Career NFL statistics
- Punts: 1,154
- Punting yards: 47,567
- Average punt: 41.2
- Longest punt: 73
- Stats at Pro Football Reference

= Dave Jennings (American football) =

American football punter and sportscaster (1952–2013)

David Tuthill Jennings (June 8, 1952 – June 19, 2013) was an American professional football punter who played in the National Football League (NFL) for 14 seasons, primarily with the New York Giants. He played college football for the St. Lawrence Saints and began his NFL career in 1974 with the Giants, where he spent his first 11 seasons.
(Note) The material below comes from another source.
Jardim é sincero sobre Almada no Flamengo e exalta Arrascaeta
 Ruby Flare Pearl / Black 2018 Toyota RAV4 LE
In his final three seasons, he was a member of the New York Jets.

During his Giants career, Jennings led the league in punting yards twice during the 1979 and 1980 seasons in addition to having the most average punting yards during the latter. Jennings also received four Pro Bowl and two first-team All-Pro selections. After retiring as a player, he was a radio color commentator for Jets and Giants games from 1988 2007. He was inducted to the New York Giants Ring of Honor in 2011 and named among the 100 greatest New York Giants of all-time in 2024.

== Life and career ==
Jennings played both college football and college basketball and graduated from St. Lawrence University in 1974. As a high school student, he did not play football. He lettered in both football and basketball at St. Lawrence, and was inducted to the St. Lawrence Saints hall of fame in 1988.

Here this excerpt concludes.